Upvote:-1
Your wife is your personal Koan. She is your barbell. Just as strength training requires heavy weights, enlightenment requires big challenges. You can learn to love everything just as you love your wife, she is your benchmark. And you can learn to see that the feelings of sadness when she is not around are just chemicals in your brain and can be ignored/forgotten/trained-out through meditation. Part of loving something is learning what it needs from you, and working hard to fulfill those needs.
Upvote:-1
I attained arahantship 2 years ago. I speak from a place of personal experience and pray you take what I say to heart.
There are no requirements to see Nirvana. It is present in every moment and therefore every moment is an opportunity to awaken. It is for this reason that spontaneous enlightenment is possible. You are not required to lessen your attachment. It helps, but it is not mandatory.
Part of the human experience is attachment. As long as you believe yourself to be a self, you will continue to be attached. Attempting to rid yourself of attachment before seeing Nirvana is an impossible task.

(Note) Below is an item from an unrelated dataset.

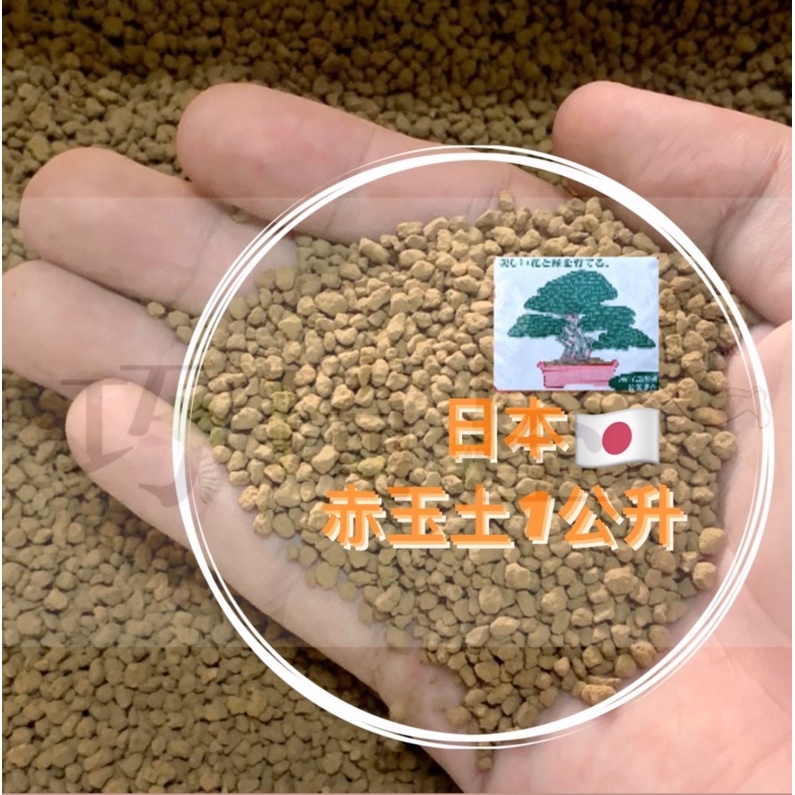 赤玉土三本線硬質小粒的價格推薦 22年4月 比價比個夠biggo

In my experience, non-attachment is a good practice in as far as it lessens your grip on the material world, and thus allows for nirvana to be seen more easily. But when taken too far, it causes behavior like this, throwing away tangibly valuable things like human relationships for the pursuit of something that you don’t even know what it is yet. When you awaken, you will still have a human life. Becoming enlightened won’t make you stop missing your wife. It will only make that missing feeling stop from hurting.
I awakened 2 years ago and all suffering has ceased. I have seen the other side and it is more beautiful than any description can give, yet it is completely unimaginable, and I guarantee it is nothing like what you imagine it to be. I normally don’t answer questions like this, but I felt compelled to for the sake of you and your family. I have a wife and son I love very much, and I can tell you without a doubt they were both instrumental to helping me awaken. Without their life struggles and loving support, I would have never been able to live the life of freedom I do now.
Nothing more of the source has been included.